Türkiye-Libya arasında Kasım 2019’da imzalanan anlaşma sonrası Hafter yanlısı Rusya, İsrail, Mısır, BAE gibi ülkelerin karşı hamleleri sürüyor. Bir yandan da Trablus UMH’yi hedef alan Hafter güçlerinin tehdit ve saldırıları devam ediyor. Libya’nın iç dengelerini de dikkate alarak, bölge ne ölçüde sıcak çatışma riski taşıyor olabilir?

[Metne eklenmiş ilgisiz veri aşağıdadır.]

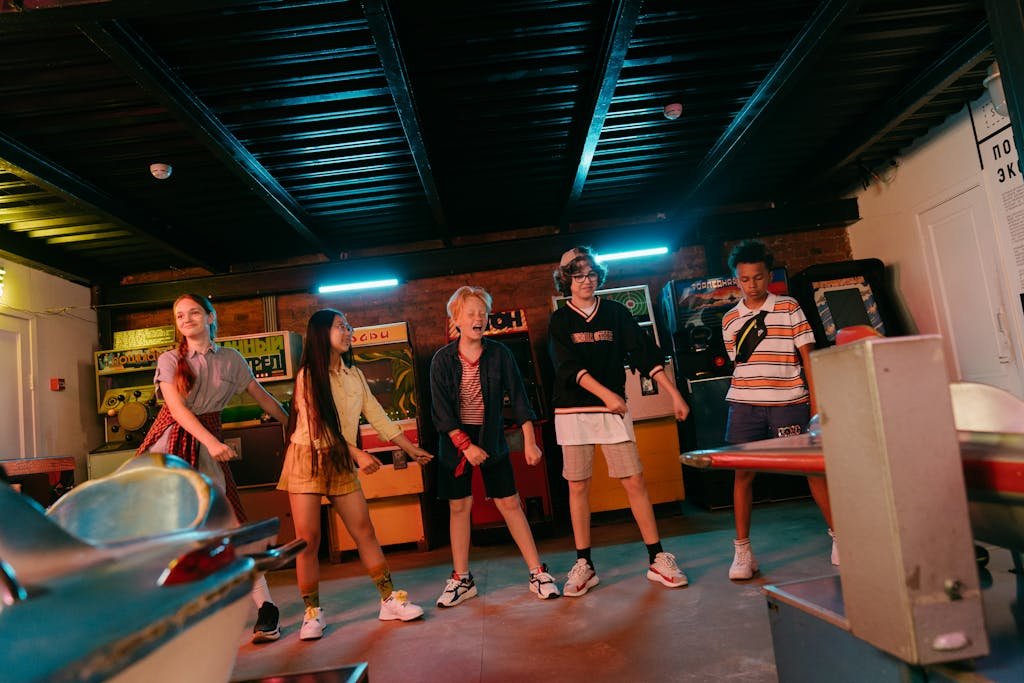 A group of teenagers enjoying their time together in a retro arcade with neon lights.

Libya’daki çatışma 2011’den beri sürüyor. Haritaya baktığınızda ülke topraklarının büyük bölümünün isyancı General Hafter tarafından kontrol edildiğini görüyoruz.. Ancak bu durum yanıltıcıdır. Hafter’in kontrol ettiği toprakların büyük bölümü çöldür. Ülke nüfusunun esas yoğun bulunduğu yerler Sarraj hükümetinin kontrolündedir. Libya’da Türkiye ve Katar, merkezi hükümeti desteklemektedir. Mısır, Birleşik Arap Emirlikleri ve Rusya ise Hafter’i desteklemektedir. AB’nin Libya konusunda kafası karışıktır. Endişe ettikleri şey, burada yoğunlaşan çatışmalar nedeniyle yeni bir mülteci akını ile karşı karşıya kalmaktır. Bu sebeple AB tarafından 2020 Mart ayı içinde, 2011 yılında BM tarafından alınan Libya silah ambargosunu desteklemek için misyon kurulmasına karar verilmiştir. Denetleme gemi, uçak ve uydudan yapılacaktır. Bu misyonun görevi her ne kadar çatışmaların durması ve barış tesis edilmesi şeklinde açıklanmış ise de gerçek sebep, Türkiye’nin Sarraj hükümetine yaptığı desteği kesmektir. AB, Libya’da Türkiye’nin desteklediği Sarraj hükümetinin başarılı olması halinde Türkiye’nin Akdeniz’deki etkinliğinin artacağı şeklinde bir değerlendirme yapmakta ve bunu önlemeye çalışmaktadır.

 

İrfan Kaya ÜLGER kimdir?

1989 yılında Ankara Üniversitesi, Siyasal Bilgiler Fakültesi’nin Uluslararası İlişkiler bölümünü bitirdi. Yüksek lisansını 1995 yılında Ankara Üniversitesi Sosyal Bilimler Enstitüsü’nün Uluslararası İlişkiler bölümünde “Yugoslavya’nın Parçalanması” başlıklı teziyle tamamladı. 2002 yılında Ankara Üniversitesi Sosyal Bilimler Enstitüsüne bağlı Avrupa Birliği Uluslararası Ekonomik İlişkiler Ana bilim dalında doktora eğitimini tamamladı. Doktora tezi “Avrupa Birliğinde Ortak Dış ve Güvenlik Politikasının Oluşumu” başlığını taşımaktadır.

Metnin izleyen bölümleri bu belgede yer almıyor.